(501b) Spatial Characterization of Solid Acid Catalysts By Reactive Gas Chromatography

Dauenhauer, P., University of Minnesota
Vinter, K. P., University of Minnesota
Abdelrahman, O. A., University of Massachusetts Amherst
One of the more common methods for characterizing solid acid catalysts is the temperature programmed desorption (TPD) of alkylamines, which selectively decompose to an alkene and ammonia over Brønsted acid sites. TPD is traditionally carried out either in a flow reactor or microbalance, coupled with a mass spectrometer for identification and/or quantitative purposes. Reactive gas chromatography is a new technique to measure Brønsted acid site densities of solid acid catalysts, which condenses the typical experimental setup required for a TPD into a single, fully automated gas chromatograph (GC).
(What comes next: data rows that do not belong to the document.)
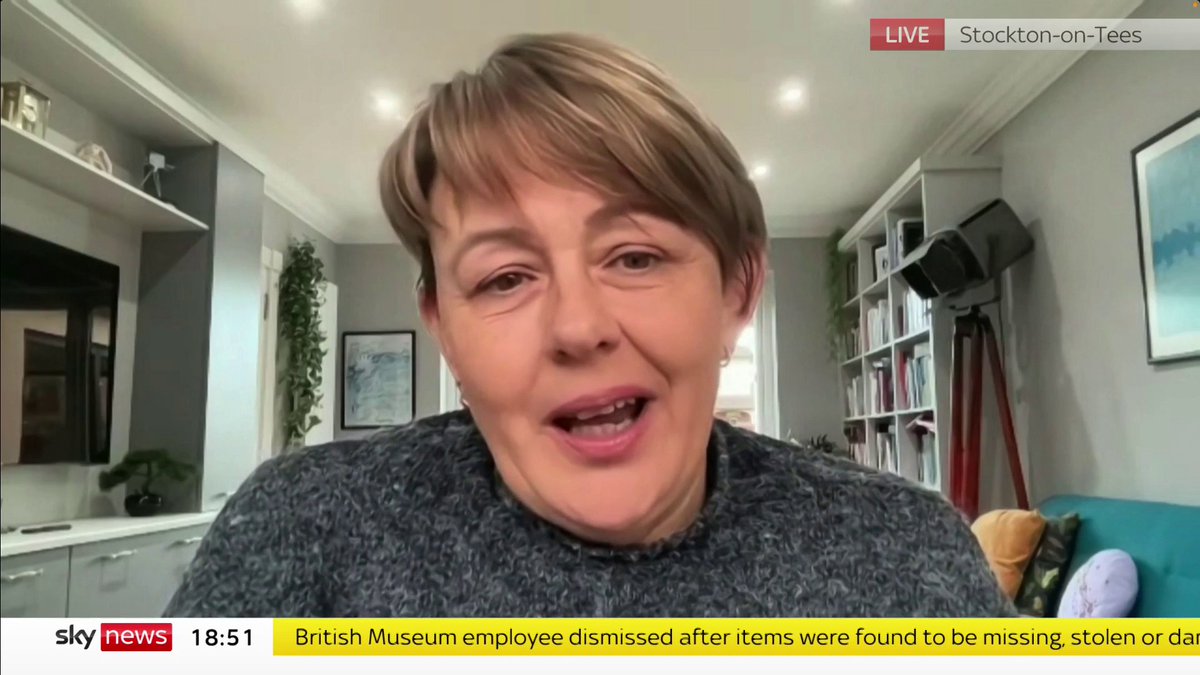 "This is built on the women who played in the 70s, 80s and 90s who got no coverage and were told they shouldn't play football" Tanni-Grey Thompson reflects on the Lionesses "incredible win" over Australia as they booked their place in the World Cup Final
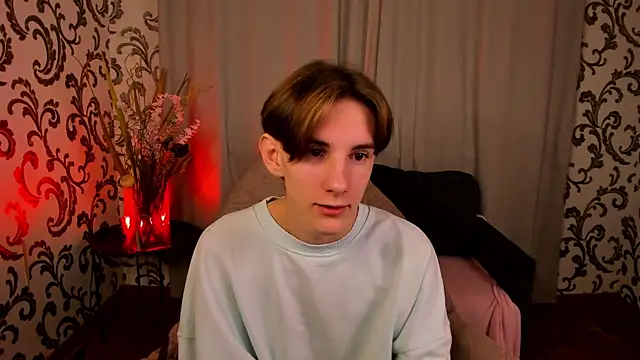 ted lun online show from 14, 11, 2025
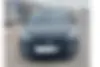ام وی ام  آریزو 5ev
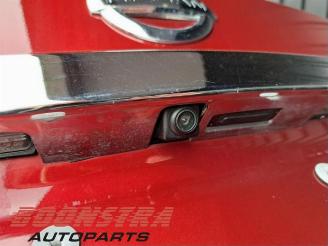 Nissan Altima  picture 22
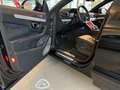 Lamborghini Urus 4.0 V8 |B&O|CARBON|PANO|SOFT|23´´|360°| Negru - thumbnail 8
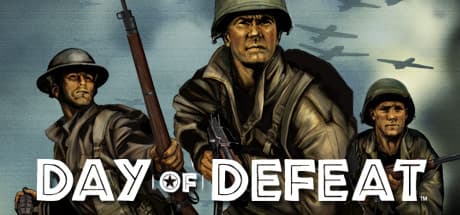 Day of Defeat media 1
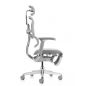   Falto Ergohuman Luxury 2  , 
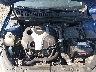 5XXGR4A69EG****** Repairable 2014 Kia Optima in Lincoln
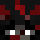xia555 Minecraft head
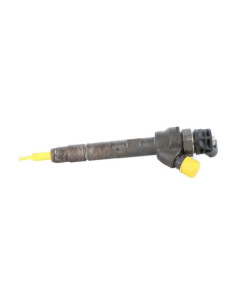 Injecteurs BMW SERIE 3 F30 PHASE 1 Diesel 2
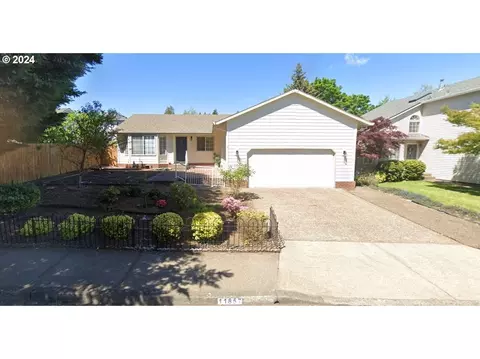 11857 SW 128th Ave, Portland, OR 97223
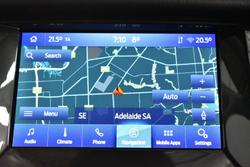 2021 Ford Ranger FX4 Max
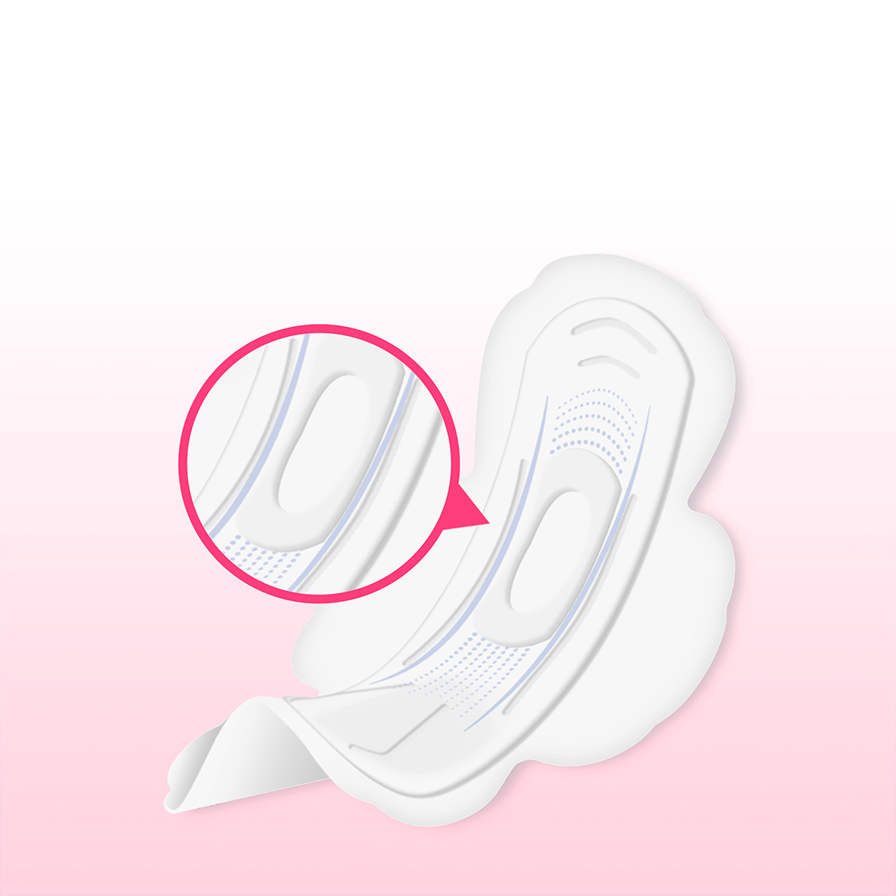 pads-ultrasoft-feature-1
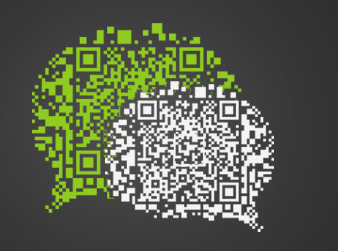 we-chat 微信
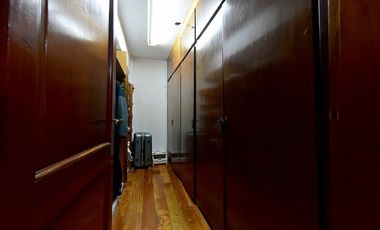 VENTA CASA 7 AMB. JARDIN Y GARAGE  - ADROGUÉ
Reactions are carried out in a microcatalytic reactor, housed within a temperature controlled GC inlet liner, products are then separated in a GC column and quantified by a flame ionization detector. This eliminates the need for more complex instrumentation such as on-line mass spectrometers or a flow reactor apparatus. An investigation of the RGC method was carried out by characterizing ZSM-5, BEA and SPP zeolites of varying Si/Al ratios, utilizing alkylamine decomposition to selectively count Brønsted acid sites. A comparison between RGC measurements and conventional TPD methods show excellent agreement, confirmed by comparison with pyridine in-situ titrations under Brønsted catalyzed reaction conditions. Reactive gas chromatography measurements performed using n-propylamine, isopropylamine and tert-butylamine were found to yield identical Brønsted acid site densities. Given the relatively low detection limits of a flame ionization detector, the method of reactive gas chromatography is found to be highly sensitive. Siliceous materials with Brønsted acid site densities of ~1 µmol/gcat could be reliably measured.